USA Today - 12/26/2001
"...MONSTER'S BALL proves that Halle Berry had a spectacular performance inside her waiting to be unleashed and that Billy Bob Thornton still had a third one left in his stunning 2001 stockpile..."
Box Office - 01/01/2002
"...An interesting tale: well-told, sad and funny and ultimately uplifting..."
Rolling Stone - 01/17/2002
"...The actors make it unique and unforgettable....You can't take your eyes off them..."
Variety - 11/19/2001
"...Burning with a quiet intensity, MONSTER'S BALL is bolstered by a poetic, intelligent sensibility..."
Movieline's Hollywood Life - 02/01/2002
"...[Thornton] gives the best performance of his career in MONSTER'S BALL....This is a fearless, brutally honest performance, etched with shadings and remarkable subtlety..."
Sight and Sound - 06/01/2002
"...Thornton displays a remarkable gift for understatement....Thornton brings a gentleness to the part that acts as a much-need balm on the wounds we see all around..."
Chicago Sun-Times - 06/02/2002
"...Written with the complexity of great fiction, avoiding obligatory scenes, cutting straight to the heart....The best film of 2001..."
Set in modern Mississippi, MONSTER'S BALL subtly examines the impact of personal loss and the transforming power of human connection.
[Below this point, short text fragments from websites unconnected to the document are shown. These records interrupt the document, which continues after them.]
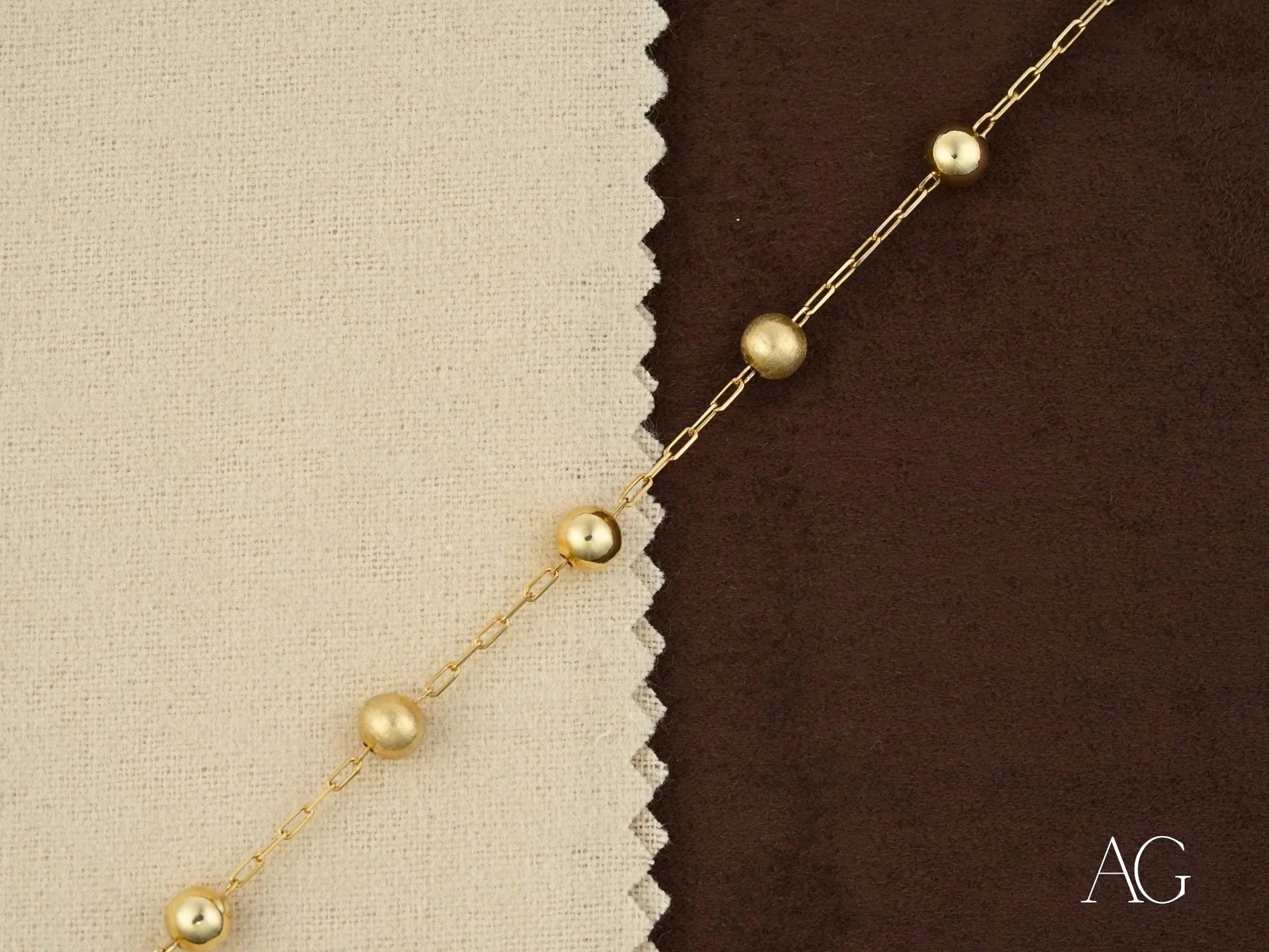 Delicate gold necklace with pearl-like beads featuring a spring ring clasp design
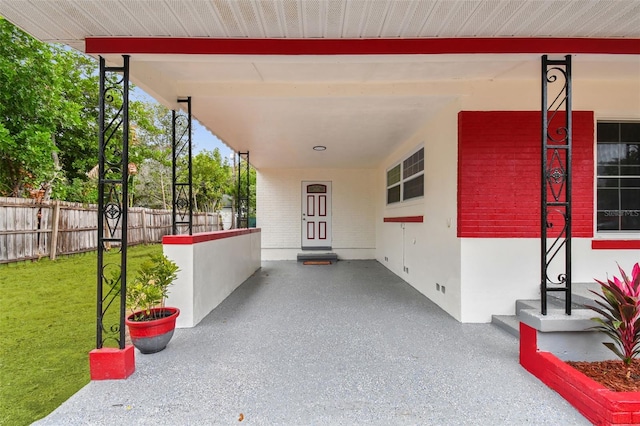 entrance to property featuring a porch and a lawn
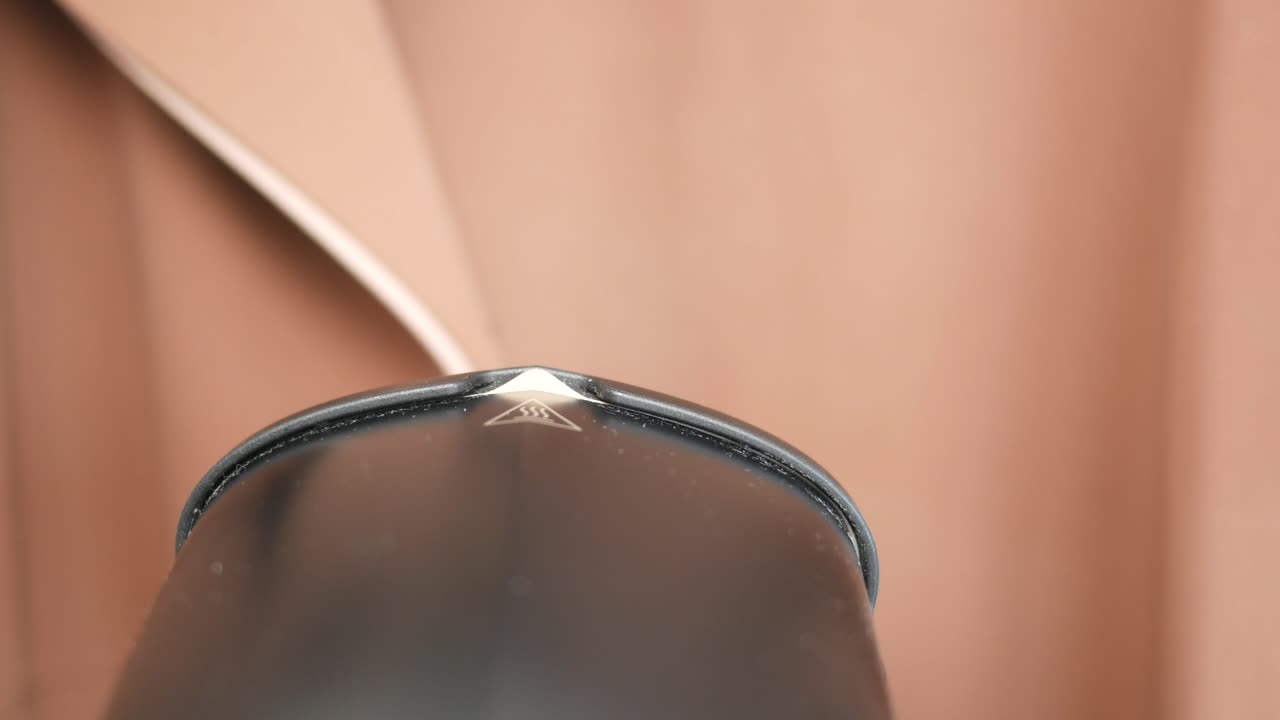 Ironing Clothes with a Steamer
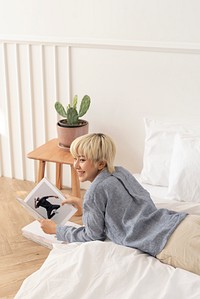 Asian woman reading a magazine in the bed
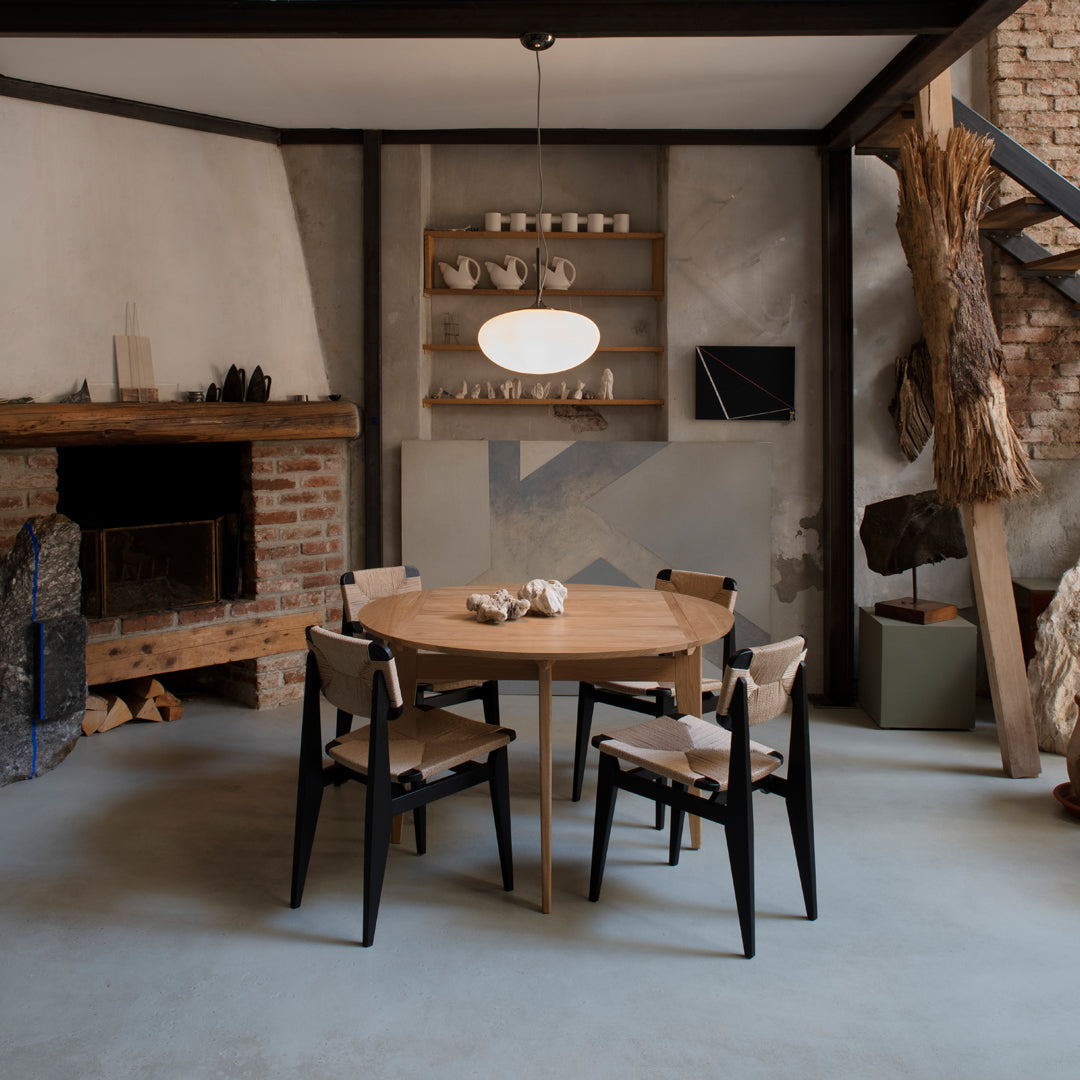 Natural wood round table with black chairs, set in a minimalist interior featuring neutral tones and organic textures.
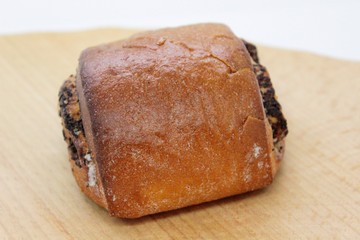 Delicious bob bun with poppy is located on a wooden surface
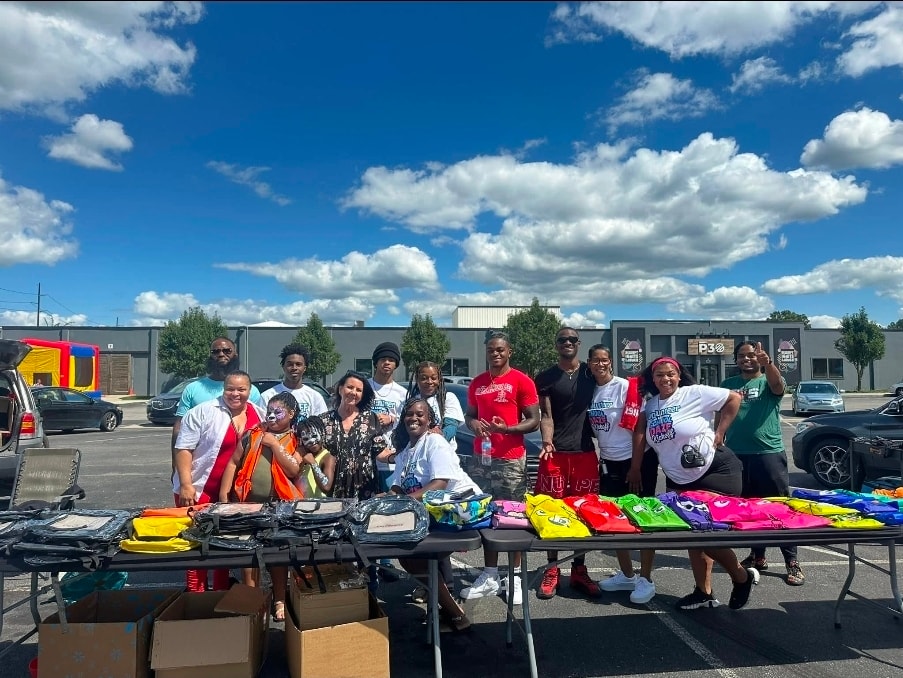 Community members at P.A.T.H. event table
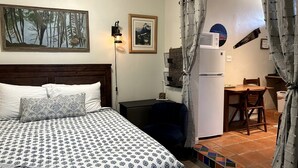 Une chambre comprenant un lit, un bureau, une chaise, un réfrigérateur et un coin repas.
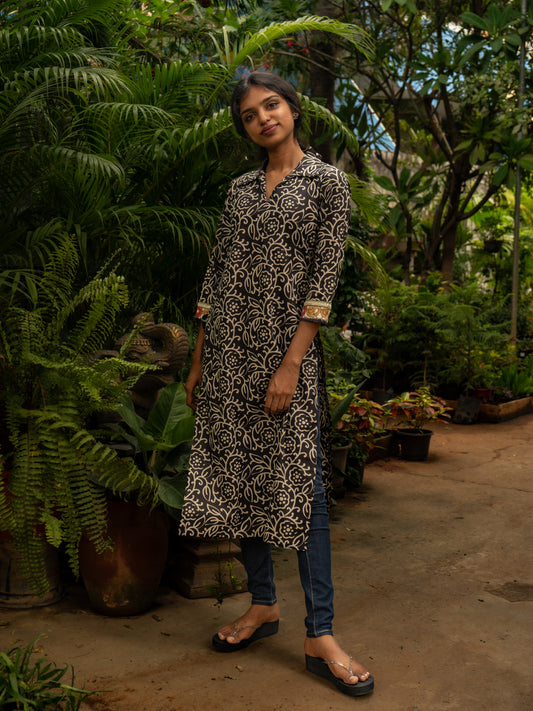 Front view of black and white cotton kurti featuring bold floral line-art prints, shirt collar, 3/4th sleeves, handcrafted in-house by Sakyaa tailors.
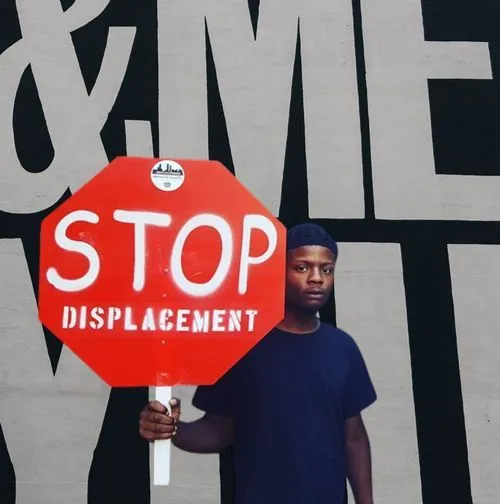Person holds a red sign shaped like stop sign that says STOP Displacement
The movie begins in the state penitentiary's death row, where father-and-son prison guards Hank (Billy Bob Thornton) and Sonny Grotowski (Heath Ledger) administer the execution of a black death-row inmate Lawrence Musgrove (Sean Combs), who leaves behind a wife, Leticia (Halle Berry), and son, Tyrell (Coronji Calhoun). When both Hank and Leticia's children subsequently die, the two grieving parents are accidentally thrust together, where they begin to find comfort and eventually a form of redemption.
Employing a languid pace and minimalist dialogue, MONSTER'S BALL slowly moves forward on the strength of the cast's performances (including a supporting turn from Peter Boyle as Hank's ailing racist father, Buck) and Marc Forster's understated direction. The complex characters are allowed to develop gradually over the course of the entire movie, making the film a richly satisfying character study rather than a quick, plot-driven confection.